Г. Саралидзе: Ну и Закавказье до определенного момента тоже.
Д. Куликов: Бессарабию отрезали. С западной стороны кордон создан, и через него можно вредить Советской России. Открытое противостояние очень невыгодно было демократам объявлять. Как! Поход против самой светлой тогдашней идеи, владевшей человечеством?! Потому что эта идея не была еще реализована со всеми издержками, которые мы впоследствии увидели. Потом цивилизованный мир на этих издержках построил целую кампанию по дискредитации самой идеи. А тогда идея была очень сильной, и выступать против нее было очень опасно. Они считали, что помрет само, что народы России восстанут. Делалась ставка на то, что Империя – тюрьма народов, что она развалится по национальному признаку, не говоря уже об остальных проблемах, которые у Советской России имеются. Вот в это вкладывались. Решили, что будут вести активную диверсионную работу. В 1920-е – начале 1930-х вся западная граница наша, вся наша Средняя Азия и Закавказье – это зоны прямого столкновения наших органов и диверсионных отрядов (басмачи самое яркое представление об этом дают). Не должна была Россия выжить. Это как с нами в 1991 году произошло.
А. Гаспарян: Параллель напрашивается.
Д. Куликов: Потому что в принципе в 1991 году, и вообще в 1990-е, Западу надо было разрушить нас.

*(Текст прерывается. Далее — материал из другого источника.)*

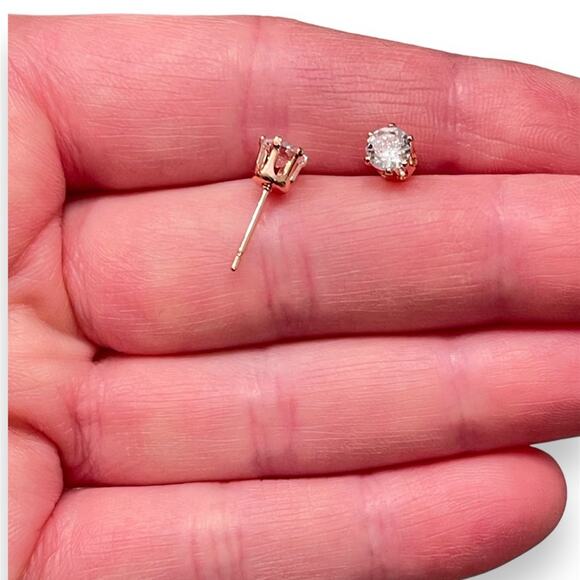 Gold Stud Earrings 5mm - Picture 5 of 6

Как в 1920-е годы, так и после 1991-го они считали, что мы сами сдохнем, ну а мы сказали, что нам желательно помучаться.
Г. Саралидзе: Мне кажется, очень важно о Парижской мирной конференции 1919 года в этой связи поговорить. Она проходила с перерывами с января 1919-го по январь 1920-го. Считается, что после этой конференции было решено отказаться от планов интервенции и потихоньку ее сворачивать. Говорят, что большую роль в этом сыграло то, что Литвинов на встрече с американскими дипломатами, которая состоялась в 1919 году в Стокгольме, заявил о готовности советского правительства выплатить дореволюционные долги царской России, предоставить странам Антанты концессии и признать независимость Финляндии, Польши, стран Закавказья в случае прекращения интервенции. Насколько эти посулы сыграли свою роль?

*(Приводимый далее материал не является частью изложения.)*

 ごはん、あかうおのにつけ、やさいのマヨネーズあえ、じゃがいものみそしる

А. Гаспарян: Мне кажется, вообще никакой роли не сыграли. Во-первых, этот маховик нельзя было остановить по щелчку пальца. Парижская конференция – это, конечно, хорошо, но существует документ: «Московская директива» от 3 июля 1919 года. Это, если кто-то не знает, приказ Деникина о наступлении вооруженных сил Юга России на Москву, параллельно с наступлением Колчака. И там распрекрасным образом все это продолжает обсуждаться. Кроме того, существуют рапорты российских военных агентов, которые находились в Европе и были на постоянной связи с военными ведомствами стран Антанты. Вопрос о том, чтобы закончить интервенцию и начать договариваться с большевиками, там не стоял. И надо понимать, что на Западе (я абсолютно с Димой согласен) системная ошибка была в том, что они считали: это в любом случае не долгосрочно, зачем договариваться? Договариваться надо с теми, кто будет действительно представлять русскую власть. А эта голытьба разбежится через неделю, пусть даже большевики и победят на каком-то этапе. Такое представление существовало все 1920-е годы. Интересно, что в 1927 году небезызвестный журналист Бурцев напишет книгу «Юбилей предателей и убийц». И на Западе будет недовольство по этому поводу: «Что это такое? Вы нам говорили, что это колосс на глиняных ногах, а уже десять лет будут отмечать!» Никто всерьез не воспринимал ни Ленина, ни Чичерина, ни кого угодно другого из большевиков. Впервые они были легализованы, если так можно сказать, в политическом пространстве Запада на Генуэзской конференции. И потом, конечно, сокрушительный удар советской дипломатии по Западу – это Раппальский договор.
Д. Куликов: А я вот не помню, на Генуэзскую или на Раппальскую конференцию приехали наши наркомы во фраках?
А. Гаспарян: Во фраках – это Раппальская, а на Генуэзскую в кожанках.
Г. Саралидзе: Ну что было, то было. С одной стороны, не верили они, что большевики победят. А с другой стороны, им разные предложения делали.